Challenges while searching for grey literature:

Some organisations, databases, or repositories may have paywalls or restricted access. Others may have limited search functionality, making it more difficult and time-consuming to filter through and identify relevant materials. Annex 2 includes examples of several online repositories, demonstrating the distinct categories they use, or the different filters related to thematic area, type of document, date of publication, and more.
The use of different terminology across organisations and sectors can result in inconsistent search results, making it critical to use a comprehensive list of search terms. Different terminology is often used to describe education levels (e.g. pre-primary vs. early childhood education vs. early childhood care and education vs. early childhood development) and education themes (e.g. inclusive education vs. special needs education vs. special education needs vs. disability inclusive education vs. disability inclusion in education).
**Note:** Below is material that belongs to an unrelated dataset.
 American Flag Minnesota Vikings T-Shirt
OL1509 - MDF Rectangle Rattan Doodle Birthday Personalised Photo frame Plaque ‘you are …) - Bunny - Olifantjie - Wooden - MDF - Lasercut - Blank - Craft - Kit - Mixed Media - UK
For example, in Education.org’s synthesis on accelerated education, 26 terms used to refer to accelerated education globally were identified (e.g. accelerated learning, bridging programmes, re-entry programmes, etc.).
Incomplete metadata, such as missing publication or production dates or unclear authorship, also complicates the process of identifying and citing sources. These are all challenges to accessing grey literature online, and they are exacerbated in contexts of low connectivity or where users may not have advanced digital skills.
Finally, a lot of grey literature may not be digitised, making offline searches an important complementary effort. In some contexts, you may need to travel to libraries, universities or research institutes, as well as NGOs or other implementers to try and retrieve important evidence sources in person. Reaching out to your networks, and relying on personal connections takes time, but can be a productive way of accessing vital information.
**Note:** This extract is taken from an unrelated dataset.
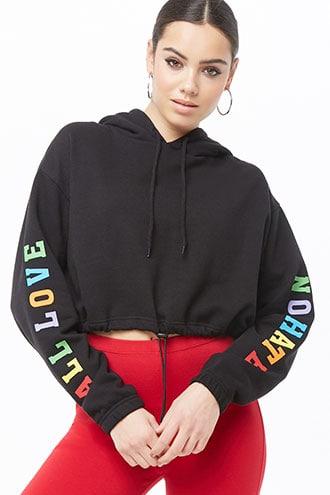 Forever21 Hooded All Love Graphic Top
Part 3. Appraising sources

What is the purpose of appraising sources

The process of appraising sources serves as a quality control mechanism. After identifying and collecting sources, it is important to use strong appraisal methods to ensure high-quality evidence. Traditional methods for appraising research are robust[1] but too limited for appraising non-research sources, like much of the grey literature sources covered by this Guidance. Additionally, other tools to appraise grey literature sources[2] do a good job in establishing source credibility but often miss key elements necessary for education decision-making.

This Guidance focuses on using evidence to bridge the gap between research and education policy, aiming to improve educational outcomes through evidence-based decisions. Therefore, this tool focuses on how well sources answer questions relevant to education decision-makers. This approach ensures that diverse types of evidence are considered in educational decisions. This Guidance builds on existing tools to offer a new, inclusive method for appraising individual sources for use. This tool is tailored to meet the needs of education decision-makers, focusing on how well sources answer relevant questions.

Introduction to the Appraisal Tool criteria

Relevance: These criteria look at the relevance of the source for the chosen analytical purpose or question, emphasising contextual relevance as well.
Inclusivity: These criteria look at the extent to which the perspectives of diverse and marginalised populations are included in the source.
Credibility OR Methodological Rigour: For all non-research sources and research sources that are non-empirical (e.g., evidence reviews and theoretical studies), these criteria look at the legitimacy of the source by exploring transparency dimensions and their accuracy. For research that is empirical (e.g., quantitative, qualitative, or mixed methods), the Mixed Methods Appraisal Tool (MMAT) is used to assess the source’s methodological rigours.
Limitations and Biases: These criteria capture imitations and biases in the source

These four sets of criteria translate into the Appraisal Tool (Annex 3). Each criteria has sub-questions that are assessed as:

‘Yes’ the source meets the criterion.
‘No,’ the source does not meet the criterion.
‘Unclear,’ there is no information available to answer the question.
‘N/A,’ the question is not applicable for this source.

Users are asked to also include information describing why they selected their answer. This is to support their assessment of each criterion and is especially important if a ‘No’ or ‘Unclear’ assessment was determined. For the most part, a ‘No’ or ‘Unclear’ answer on a specific criterion is a red flag, meaning it may indicate limitations of a source’s use, credibility, or diversity of voices, but does not necessarily mean that a source is unusable or not credible overall. However, it may raise questions and considerations, or require further investigation before use.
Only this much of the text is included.